NAME
Judge Dredd: Vienna
FIRST PUBLISHED
2000 A.D. and Starlord Prog 116
DATELINE
9 Jun 79
This prog also featured Dan Dare, Tharg's Future Shocks, Rick Random and Strontium Dog strips, Ro-Busters Star Pin-Up and a Strontium Dog cover by Carlos Ezquerra
PAGE COUNT
6
REPRINTS
Judge Dredd's Crime Files 6, The Complete Judge Dredd 11, The Best Of Judge Dredd and Judge Dredd The Complete Case Files 03.
SYNOPSIS
Dredd's niece is kidnapped by a perp seeking revenge.
FIRSTS & LASTS
First appearance of Vienna.
INFORMATION
Mega-City One has at least 892 Districts. Sigma Street is in District 892 and contains at least 19230 addresses.
JUDGE DREDD
He has a niece called Vienna.
OTHER CHARACTERS
VIENNA
Rico Dredd's daughter and Joe Dredd's niece, although she thinks of Joe as her father. She is kidnapped by Harry Carmen. Dredd successfully rescues her, but is forced to admit to her that he killed Rico.
HARRY CARMEN
Dredd arrested him for computer theft and sentenced him to six years. He was recently released and decided to take his revenge of Dredd. He kidnaps Vienna, holds her hostage and attaches her to a guillotine which moves as fast as her heartbeat. Dredd stuns and arrests him.
MRS PASTERNAK
She looks after Vienna.
ARRESTS
One. Dredd arrests Harry Carmen and sentences him to life.
DEATHS
One. We see Rico's death again in flashback
BEST LINES
Mrs Pasternak: "Well this has been a fine howdedo! I hope it's shown you your duty, sir. Vienna will be seeing more of you now, eh?"

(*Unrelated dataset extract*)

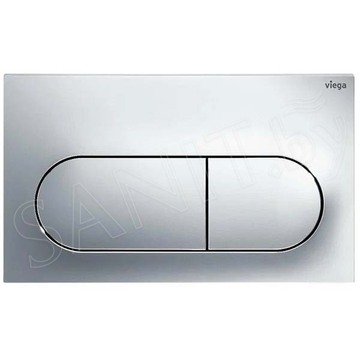 Инсталляция для унитаза Viega Prevista Dry WC с кнопкой Visign for Life 6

Dredd: "No, Mrs Pasternak. I intend to see even less of my niece. You must help her to stop loving me!"
WORST LINES
Harry: "I knew the laser wouldn't get you, Dreddy. Now we can proceed with the entertainment!"
CATCHPHRASES
Dredd thanks Dokk that Vienna is unharmed.
CONTINUITY & CROSSOVERS
Flashbacks to The Return Of Rico.
INFLUENCES & REFERENCES
Mrs Pasternak shares her surname with Russian language poet and novelist Boris Pasternak (1890–1960) who wrote Doctor Zhivago (1957). Vienna sings 'Twinkle Twinkle Little Star' is a lullaby with lyrics from a poem called The Star (1806) by Jane Taylor (1783–1824), sung to the French melody 'Ah! vous dirai-je, Maman' (1761) and later arranged by Mozart (1756-1791).
MISTAKES
None.
RETROSPECT
None.
NOTES
None.
CREDITS
Script: John Howard
Artist: Ian Gibson
Letters: Tom Frame
REVIEW
The art is great and the ending s wonderful (see BEST LINES above), but all in all this falls a little flat.